Mission laïque française

La place de l’enfant dans notre société

Place de l'enfant dans notre société

En avril 2019, Sylviane Giampino, présidente du conseil de l'enfance, vice-présidente Haut Conseil de la famille, de l'enfance et de l'âge, inaugurait le congrès des établissements du réseau mlfmonde "Accueillir l'enfant, accompagner l’élève, bâtir une culture d'établissement". Retour sur sa conférence et sur l'importance des institutions dans l'épanouissement d'un enfant.

Présentation du HCFEA : pour une action d’ensemble

l’enfance et de l’âge et plus spécifiquement la fonction Enfance est une entité indépendante, paritaire dont la mission est d’animer le débat public et d’apporter aux pouvoirs publics une expertise prospective et transversale.

Dans le texte qui le fonde, il est écrit que le Conseil peut proposer toute recommandation de nature à garantir le respect des droits et la bientraitance des personnes vulnérables, à tous les âges de la vie ainsi que la bonne prise en compte des questions éthiques.
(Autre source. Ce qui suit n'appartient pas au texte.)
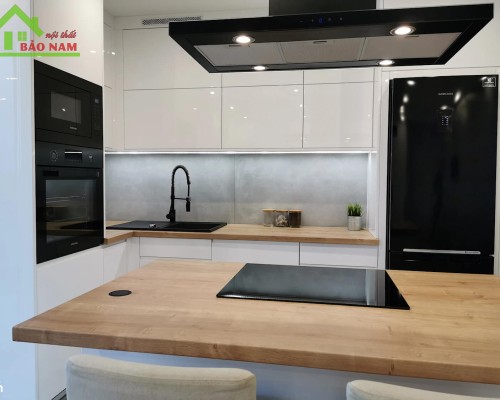 Tủ Bếp Acrylic An Cường Đẹp Tp.Hcm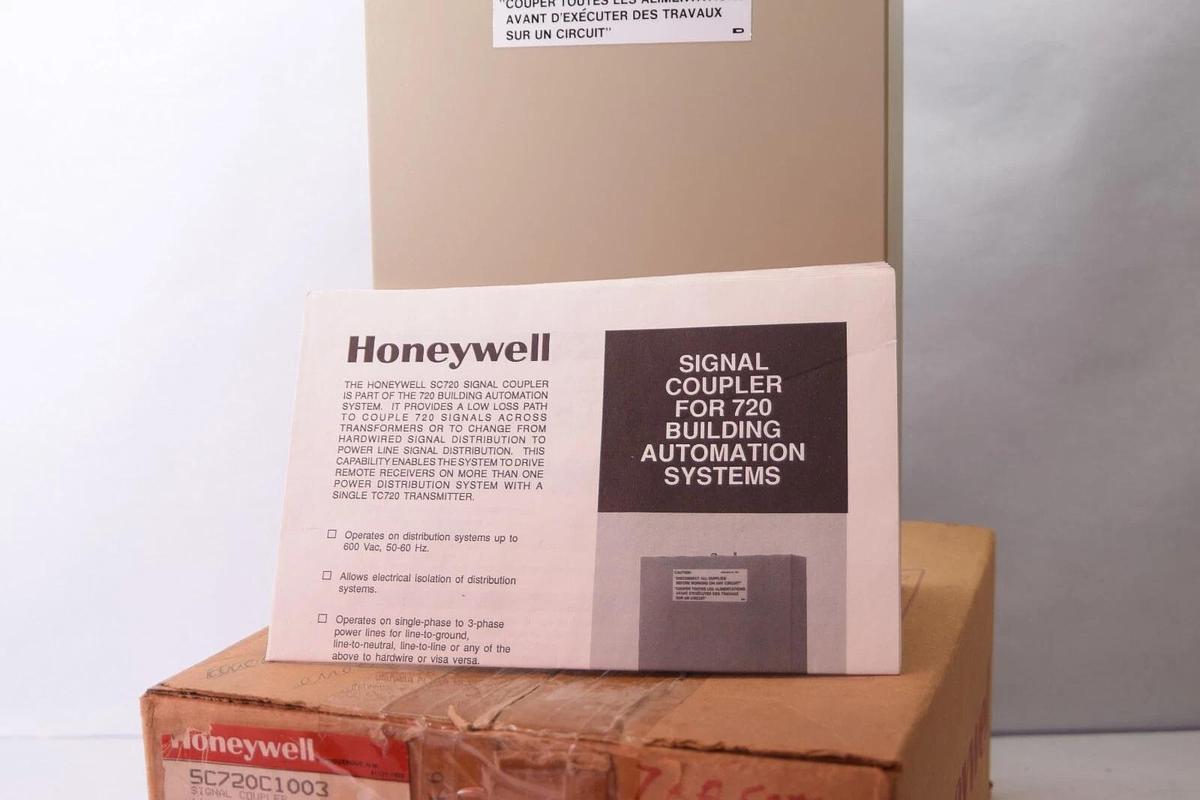 (NEW) HONEYWELL SC720C1003 SC720C 1003 SC720 9143-ALBQ 600V Signal Coupler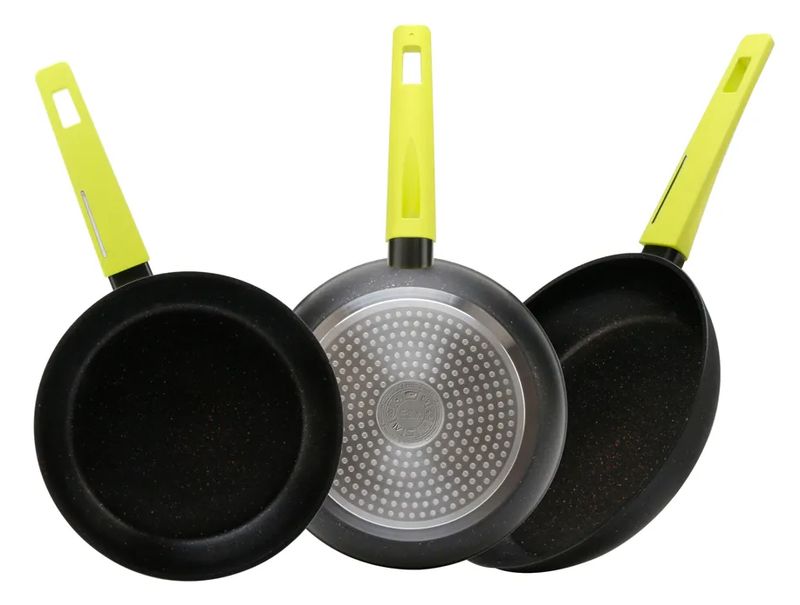 JGO. DE SARTENES 3 PZ COOKS MASTER FACMM3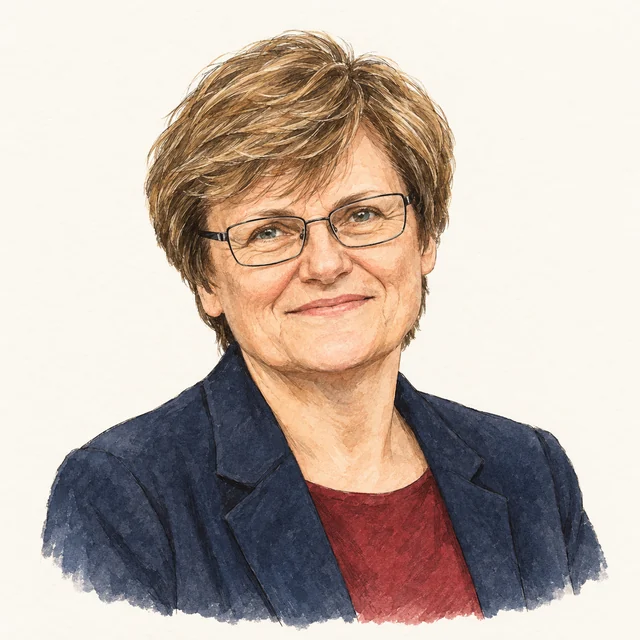 Illustrated portrait of Katalin Karikó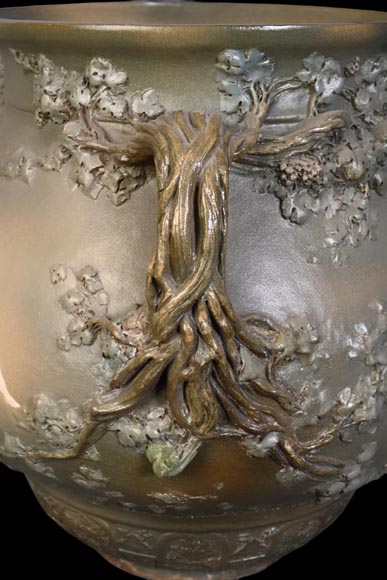 Louis Robert Carrier-Belleuse, “Bacchus and Ariadne at Naxos” Faience -11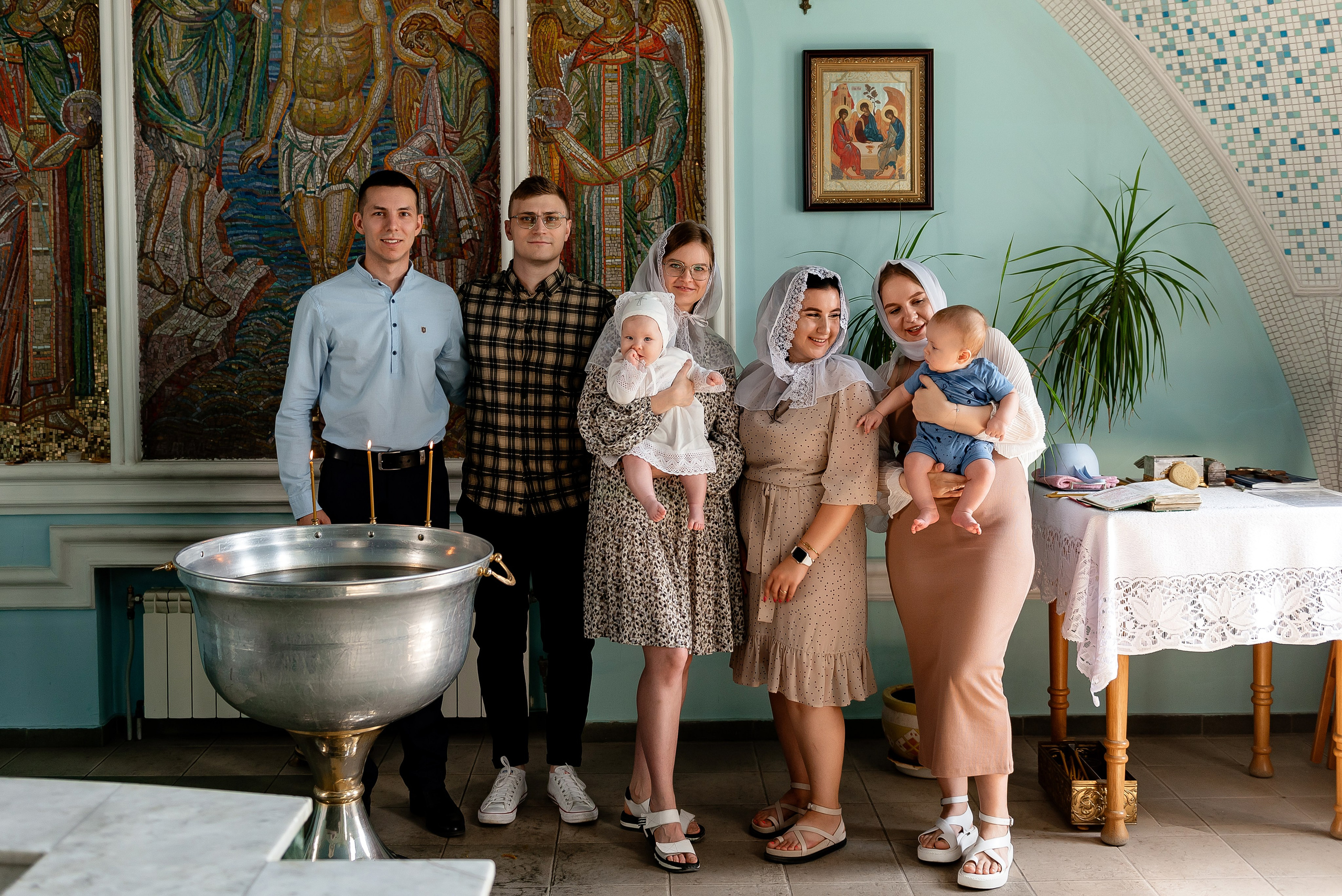 Крещение Ясеньки. Фотограф Татьяна Иванчикова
Ce Conseil de l’enfance est né il y a moins de trois ans d’un constat partagé des acteurs de défense des droits de l’enfant, des professionnels et des organisations familiales ayant souhaité que nous nous dotions d’un outil de mise en cohérence des différentes politiques touchant à la vie des enfants, pour faire en sorte que les enfants et les familles ne soient pas les variables d’ajustement de ces politiques en silo.

Le Conseil a adopté le 22 mars 2019 un rapport relatif à la qualité des services de la petite enfance, de la naissance à 6 ans.

Voici le préambule de ce rapport : « ce référentiel de qualité relève le défi de proposer un pilotage national, sans objectif d’homogénéisation des pratiques et des systèmes. Le Conseil prend le parti de fournir des appuis fiables et opérationnels, instruits des enjeux centraux et de laisser une place à l’initiative et la construction, au lieu d’engendrer des systèmes de normalisation, labellisation et certification. Il s’agit pour nous d’ouvrir plus que de normer, de soutenir une ambition plus que de prescrire et figer ».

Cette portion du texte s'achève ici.